1. First, a tip of the hat to you for accepting the challenge and digging into what Say actually said, as well as making what I am guessing is an honest effort to understand it from an Austrian point of view. I am very encouraged and feel good about this.

2. About the excessive profits thing. I don´t think you grasped what he was saying in that paragraph. Whether what you write is true or untrue, it is not deducible from what Say wrote. He was describing a different situation altogether. Dig deep, reread it slowly twenty times or so, and you will be enlightened.

3. You wrote: Say claims that products are bought with products. It seems to me then that the wage the worker receives represents a product that either he or the employer has already produced.

Products are indeed bought with products. I doubt anyone really thinks that is wrong. Where else does the money come from to buy something, unless the buyer produced something earlier and got money for it?

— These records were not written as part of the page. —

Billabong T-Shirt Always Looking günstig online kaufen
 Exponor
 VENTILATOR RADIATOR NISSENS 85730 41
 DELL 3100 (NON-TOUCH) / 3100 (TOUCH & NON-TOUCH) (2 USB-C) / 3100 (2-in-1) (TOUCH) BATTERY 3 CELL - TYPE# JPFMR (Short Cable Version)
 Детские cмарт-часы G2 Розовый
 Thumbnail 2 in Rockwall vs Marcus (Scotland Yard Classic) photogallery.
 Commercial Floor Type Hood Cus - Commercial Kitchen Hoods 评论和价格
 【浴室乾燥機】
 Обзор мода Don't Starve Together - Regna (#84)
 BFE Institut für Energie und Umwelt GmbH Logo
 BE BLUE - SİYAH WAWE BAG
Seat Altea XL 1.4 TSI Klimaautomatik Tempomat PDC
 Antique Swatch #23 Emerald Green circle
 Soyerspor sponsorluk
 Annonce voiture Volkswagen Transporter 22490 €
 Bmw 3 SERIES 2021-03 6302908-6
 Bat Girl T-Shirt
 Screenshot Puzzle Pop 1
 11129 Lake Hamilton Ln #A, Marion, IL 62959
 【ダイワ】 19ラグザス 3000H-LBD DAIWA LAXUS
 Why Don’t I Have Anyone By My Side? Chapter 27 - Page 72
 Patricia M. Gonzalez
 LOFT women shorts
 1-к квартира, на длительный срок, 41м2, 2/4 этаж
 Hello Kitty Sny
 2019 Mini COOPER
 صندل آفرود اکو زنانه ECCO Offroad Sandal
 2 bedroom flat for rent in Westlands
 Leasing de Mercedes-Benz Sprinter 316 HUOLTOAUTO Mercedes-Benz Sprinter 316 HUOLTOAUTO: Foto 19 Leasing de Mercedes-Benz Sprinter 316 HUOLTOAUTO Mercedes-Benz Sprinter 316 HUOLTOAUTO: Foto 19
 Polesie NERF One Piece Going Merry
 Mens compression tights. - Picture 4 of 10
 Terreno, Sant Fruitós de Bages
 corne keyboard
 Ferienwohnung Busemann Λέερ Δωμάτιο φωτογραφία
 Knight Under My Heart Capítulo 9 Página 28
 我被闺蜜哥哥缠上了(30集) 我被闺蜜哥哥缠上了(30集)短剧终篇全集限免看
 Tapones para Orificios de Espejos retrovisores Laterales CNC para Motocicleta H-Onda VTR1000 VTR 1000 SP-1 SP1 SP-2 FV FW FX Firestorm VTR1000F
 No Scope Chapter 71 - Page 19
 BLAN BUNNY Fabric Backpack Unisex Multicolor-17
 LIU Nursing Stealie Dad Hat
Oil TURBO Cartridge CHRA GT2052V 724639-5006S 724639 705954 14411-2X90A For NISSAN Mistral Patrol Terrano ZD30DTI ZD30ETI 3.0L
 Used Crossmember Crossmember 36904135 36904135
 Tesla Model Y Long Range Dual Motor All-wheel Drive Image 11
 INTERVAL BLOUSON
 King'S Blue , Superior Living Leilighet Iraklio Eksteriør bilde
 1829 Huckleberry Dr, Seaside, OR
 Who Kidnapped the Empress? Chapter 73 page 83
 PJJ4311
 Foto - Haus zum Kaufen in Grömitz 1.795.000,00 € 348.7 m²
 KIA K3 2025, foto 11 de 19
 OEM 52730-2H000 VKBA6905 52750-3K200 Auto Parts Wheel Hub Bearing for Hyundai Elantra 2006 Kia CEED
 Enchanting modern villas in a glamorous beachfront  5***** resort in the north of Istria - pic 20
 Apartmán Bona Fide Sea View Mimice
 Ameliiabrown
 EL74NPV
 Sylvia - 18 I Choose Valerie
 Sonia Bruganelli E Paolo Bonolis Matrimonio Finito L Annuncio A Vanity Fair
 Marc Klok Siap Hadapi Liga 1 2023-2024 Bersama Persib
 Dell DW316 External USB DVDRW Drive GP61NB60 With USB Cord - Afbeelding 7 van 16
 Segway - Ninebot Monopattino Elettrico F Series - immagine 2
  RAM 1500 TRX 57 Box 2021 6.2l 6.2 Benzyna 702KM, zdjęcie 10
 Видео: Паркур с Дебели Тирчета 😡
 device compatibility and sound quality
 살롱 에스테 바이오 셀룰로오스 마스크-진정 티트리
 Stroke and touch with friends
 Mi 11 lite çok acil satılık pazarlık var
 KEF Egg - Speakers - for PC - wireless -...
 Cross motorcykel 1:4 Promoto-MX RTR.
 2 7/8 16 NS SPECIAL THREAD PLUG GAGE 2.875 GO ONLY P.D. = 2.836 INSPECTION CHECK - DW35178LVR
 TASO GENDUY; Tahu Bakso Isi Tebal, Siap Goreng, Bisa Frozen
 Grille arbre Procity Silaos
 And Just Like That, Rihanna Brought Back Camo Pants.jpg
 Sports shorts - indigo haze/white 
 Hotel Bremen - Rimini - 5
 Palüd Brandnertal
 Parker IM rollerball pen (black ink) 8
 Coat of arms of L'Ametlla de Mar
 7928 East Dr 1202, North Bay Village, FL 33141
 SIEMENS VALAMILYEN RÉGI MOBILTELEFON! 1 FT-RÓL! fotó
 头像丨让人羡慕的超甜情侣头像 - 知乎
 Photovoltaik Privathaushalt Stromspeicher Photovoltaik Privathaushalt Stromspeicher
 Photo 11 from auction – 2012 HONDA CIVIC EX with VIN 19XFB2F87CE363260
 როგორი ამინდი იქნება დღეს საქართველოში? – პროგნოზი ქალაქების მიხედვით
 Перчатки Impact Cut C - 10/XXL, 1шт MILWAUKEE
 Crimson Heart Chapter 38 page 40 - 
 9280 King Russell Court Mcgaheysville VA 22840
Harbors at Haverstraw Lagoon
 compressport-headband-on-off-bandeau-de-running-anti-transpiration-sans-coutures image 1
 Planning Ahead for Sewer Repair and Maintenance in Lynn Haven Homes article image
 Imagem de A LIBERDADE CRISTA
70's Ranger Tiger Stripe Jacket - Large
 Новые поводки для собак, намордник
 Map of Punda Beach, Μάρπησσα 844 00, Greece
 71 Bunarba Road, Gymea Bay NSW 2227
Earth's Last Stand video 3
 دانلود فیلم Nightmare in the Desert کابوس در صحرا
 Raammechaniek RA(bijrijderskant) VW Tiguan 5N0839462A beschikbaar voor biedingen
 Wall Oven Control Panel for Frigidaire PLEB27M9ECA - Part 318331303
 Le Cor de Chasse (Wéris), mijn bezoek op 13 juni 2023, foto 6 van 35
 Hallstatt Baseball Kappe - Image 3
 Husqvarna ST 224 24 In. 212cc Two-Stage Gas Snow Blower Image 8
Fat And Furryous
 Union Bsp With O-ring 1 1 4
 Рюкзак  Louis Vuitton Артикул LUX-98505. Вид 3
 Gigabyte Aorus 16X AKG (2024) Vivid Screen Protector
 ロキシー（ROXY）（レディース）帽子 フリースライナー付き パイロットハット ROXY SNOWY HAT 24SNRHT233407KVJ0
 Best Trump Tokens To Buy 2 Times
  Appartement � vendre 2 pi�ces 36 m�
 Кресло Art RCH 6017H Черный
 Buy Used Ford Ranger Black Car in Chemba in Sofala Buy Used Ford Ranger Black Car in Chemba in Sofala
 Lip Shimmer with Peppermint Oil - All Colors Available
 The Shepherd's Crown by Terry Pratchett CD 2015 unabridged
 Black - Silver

But we live in a complex world. I have very often seen workers coming hat in hand to their boss and asking for an advance on wages. Meaning they want money now, and will work it off later. Does that contradict the assertion that products are bought with products? In that situation, does it seem to you that the advance represents a product that either he or the the employer has already produced?

Now in a sense, it does. After all, the employer only has the money to advance to the worker because the employer has earned that money in the past by being productive. But even though that is true, the employee gets that money not because he has been productive, because it may be his very first day on the job and the kindly employer advanced him the money anyway. Does that situation tell us anything earth shaking about Sayś assertion, or force us to rethink what wages are? No. 

Normal wages are no different in principal than the case of asking for an advance just described. One cannot deduce anything special from it. The partner explanation still holds true.

4. Say asserts: the only way of getting rid of money is in the purchase of some product or other.

Can you please remind me where he says such a thing? Has he never heard of loans, gifts, or this:

                                                                             

5. I think you are getting sidetracked from the main thrust of Sayś Law by going into this detail of what wages are. Who cares?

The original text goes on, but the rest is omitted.